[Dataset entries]
<<<<
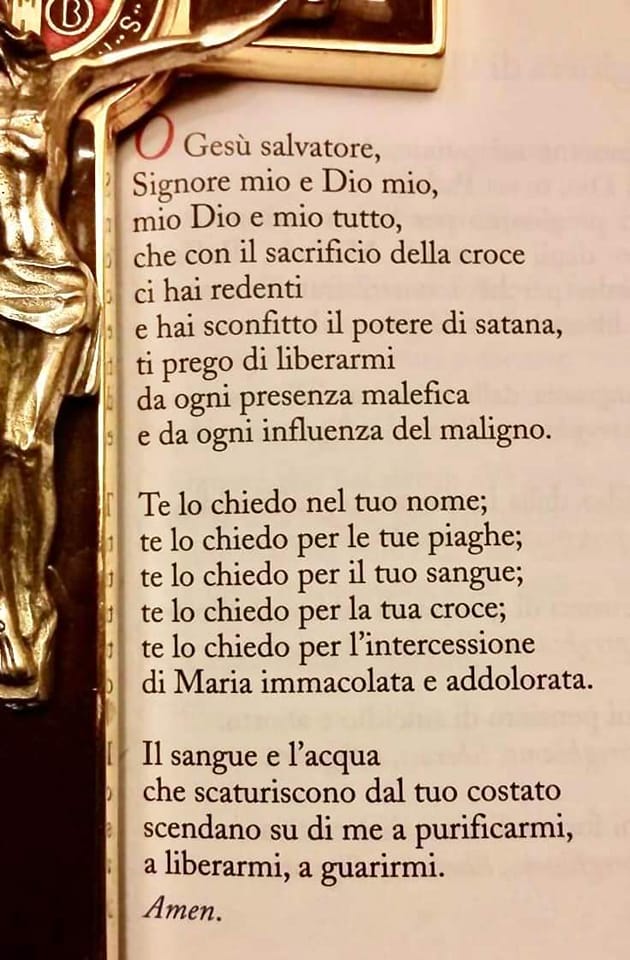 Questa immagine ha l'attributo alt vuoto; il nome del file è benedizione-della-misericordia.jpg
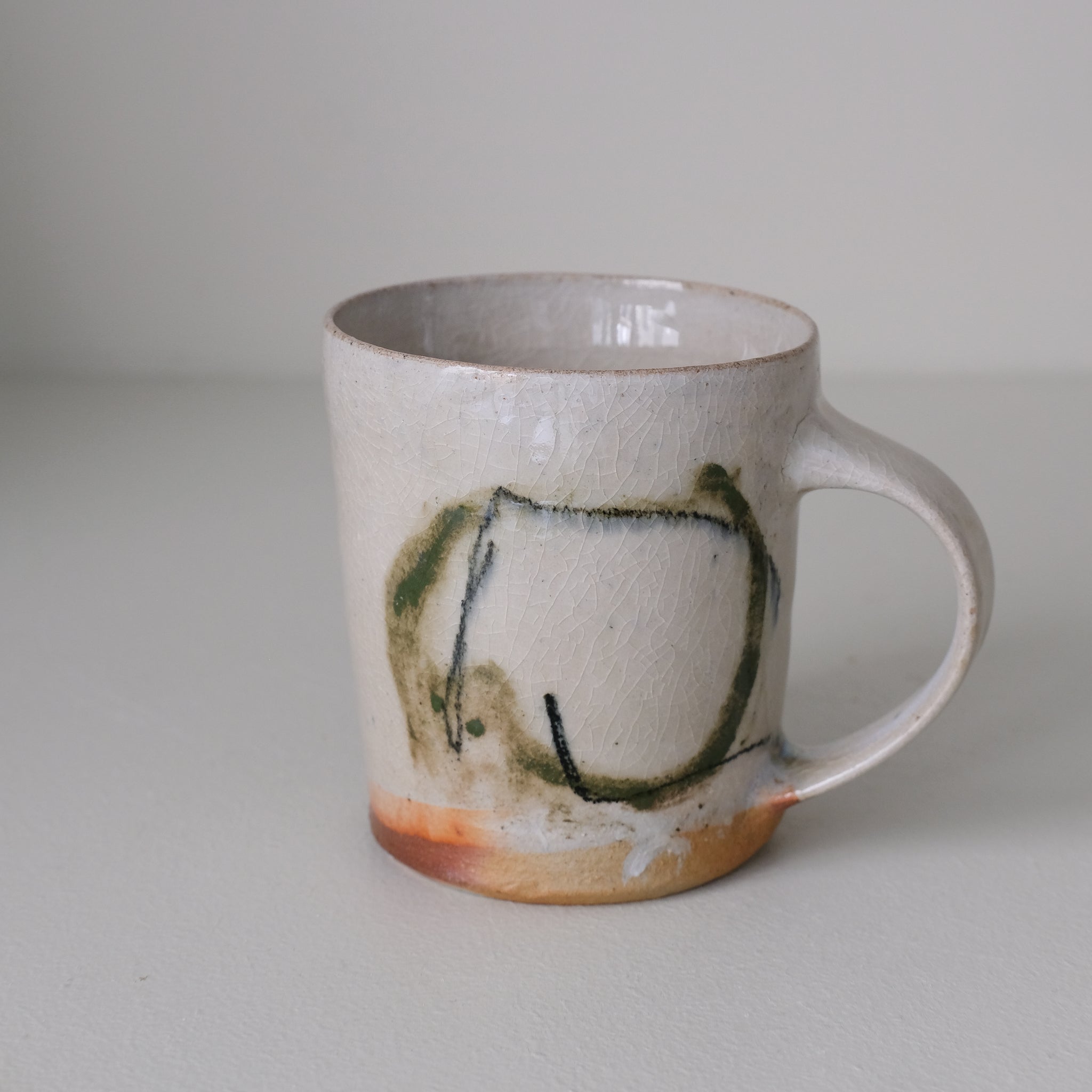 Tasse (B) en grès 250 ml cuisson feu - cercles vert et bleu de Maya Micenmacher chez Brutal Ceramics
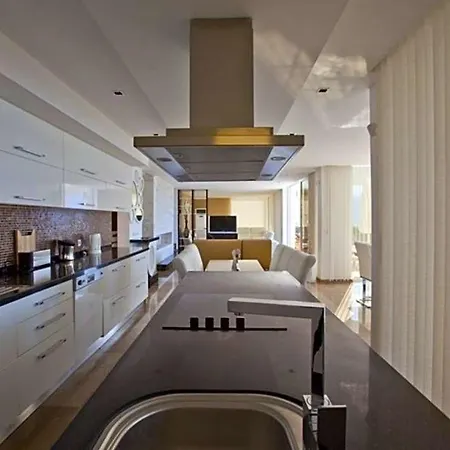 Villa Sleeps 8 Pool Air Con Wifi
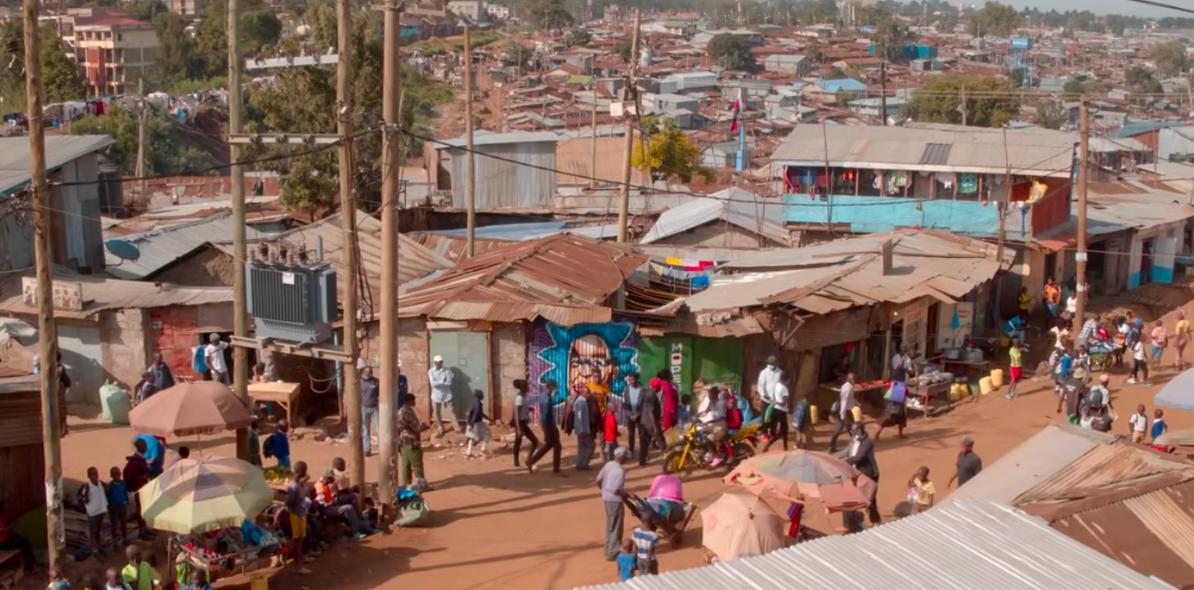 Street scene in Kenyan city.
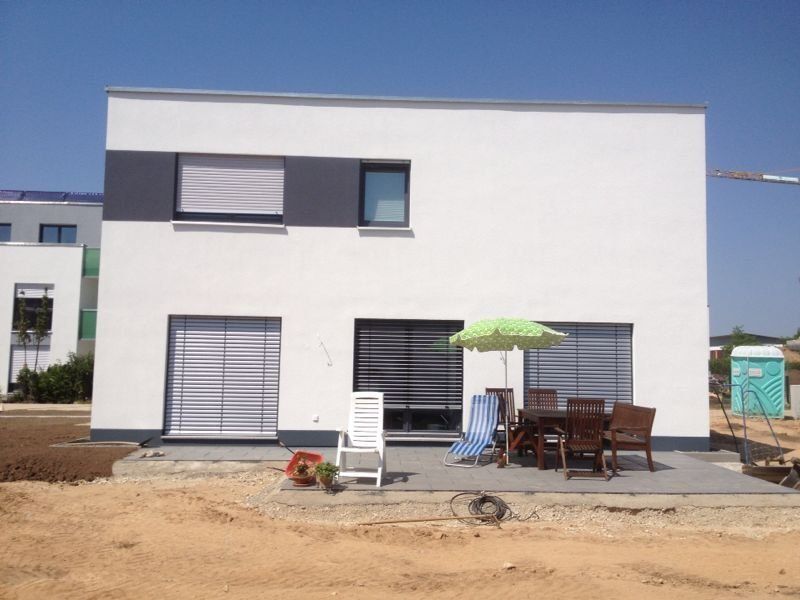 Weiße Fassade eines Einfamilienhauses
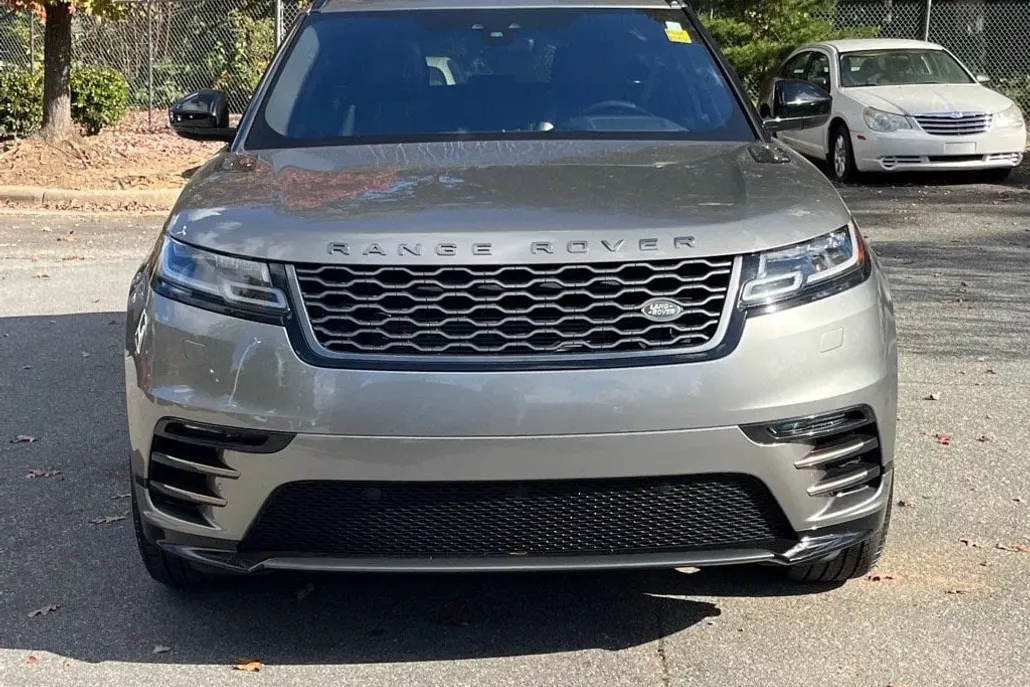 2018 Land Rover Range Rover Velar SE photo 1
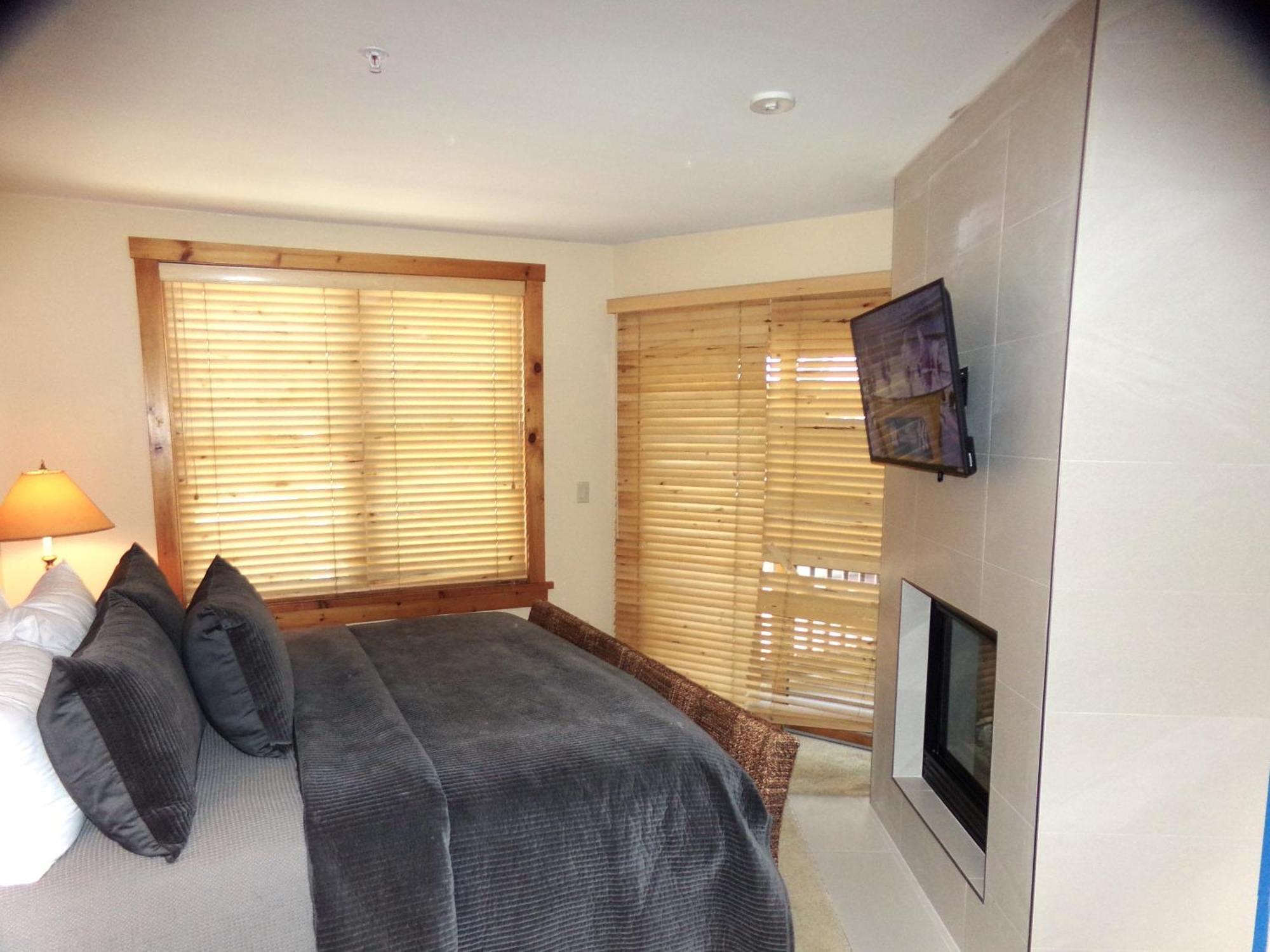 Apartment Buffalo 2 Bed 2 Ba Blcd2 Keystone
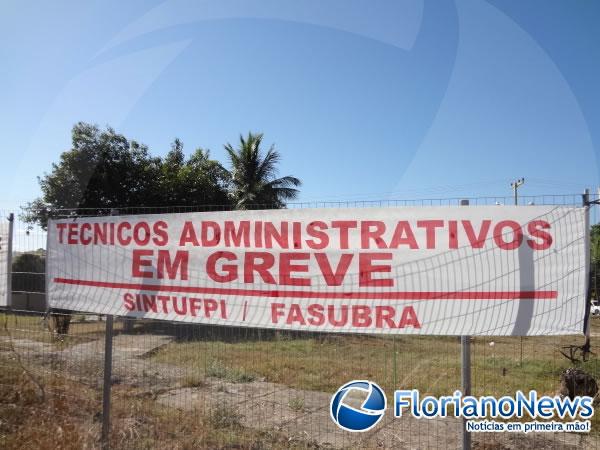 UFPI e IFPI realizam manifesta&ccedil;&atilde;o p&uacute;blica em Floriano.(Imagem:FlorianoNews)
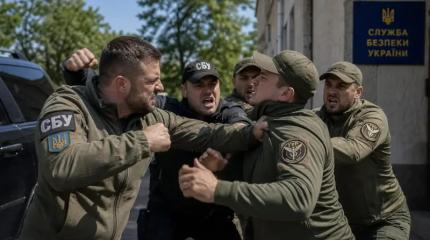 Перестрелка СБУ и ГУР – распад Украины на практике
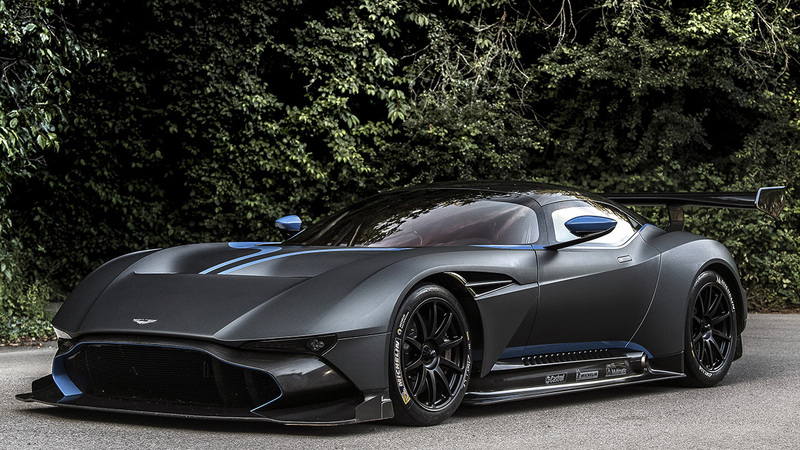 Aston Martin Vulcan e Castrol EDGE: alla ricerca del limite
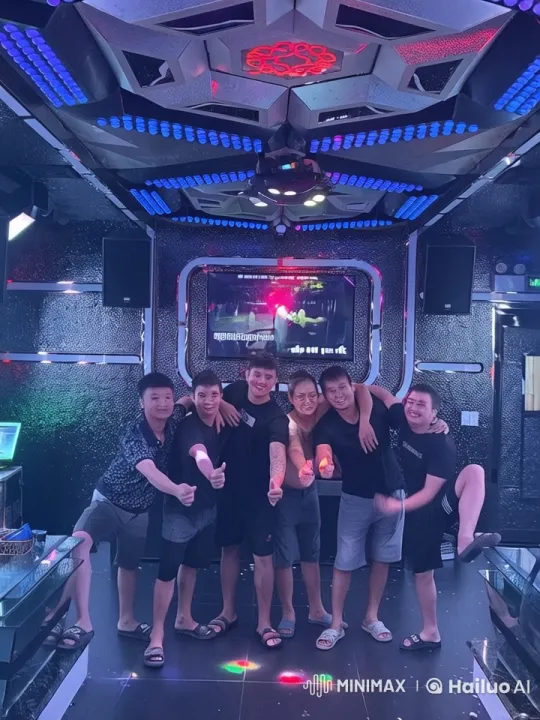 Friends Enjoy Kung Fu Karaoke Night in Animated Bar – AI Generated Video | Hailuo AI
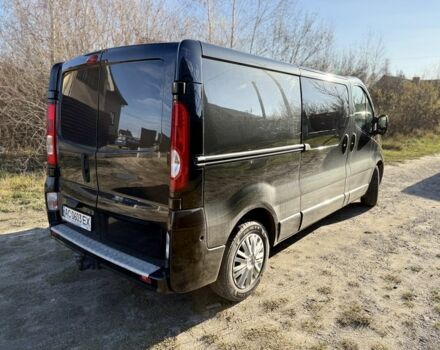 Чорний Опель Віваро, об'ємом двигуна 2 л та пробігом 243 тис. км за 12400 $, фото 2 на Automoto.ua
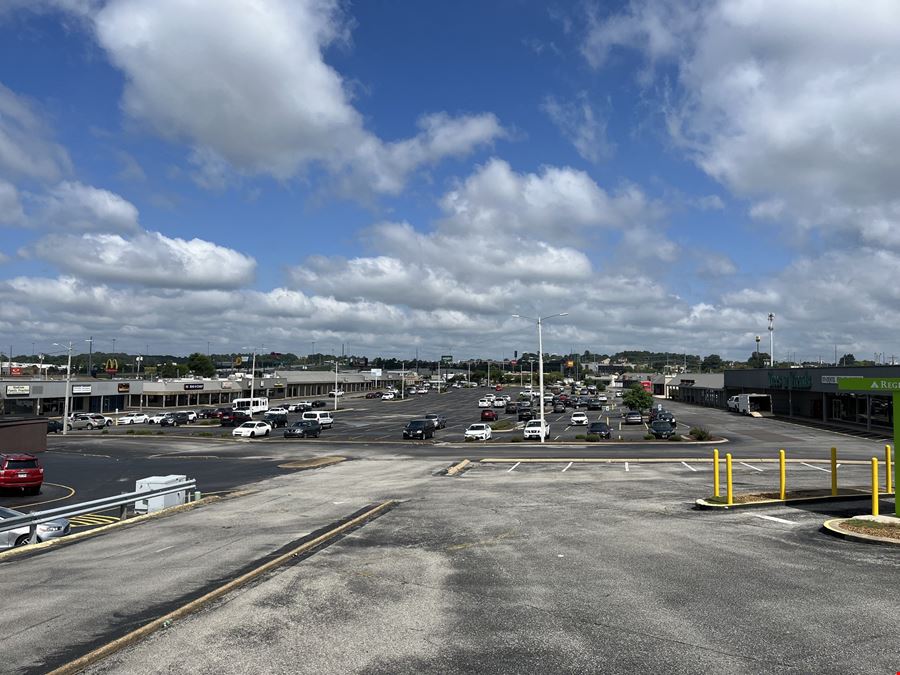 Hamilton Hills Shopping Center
>>>>
## WHAT IS REQUIRED:
Write out, word for word, the line containing "Перестрелка СБУ и" and each line after it to the end of the data, and nothing more. Drop the pictures.

## SOLUTION FOR THIS EXERCISE:
 Перестрелка СБУ и ГУР – распад Украины на практике
 Aston Martin Vulcan e Castrol EDGE: alla ricerca del limite
 Friends Enjoy Kung Fu Karaoke Night in Animated Bar – AI Generated Video | Hailuo AI
 Чорний Опель Віваро, об'ємом двигуна 2 л та пробігом 243 тис. км за 12400 $, фото 2 на Automoto.ua
 Hamilton Hills Shopping Center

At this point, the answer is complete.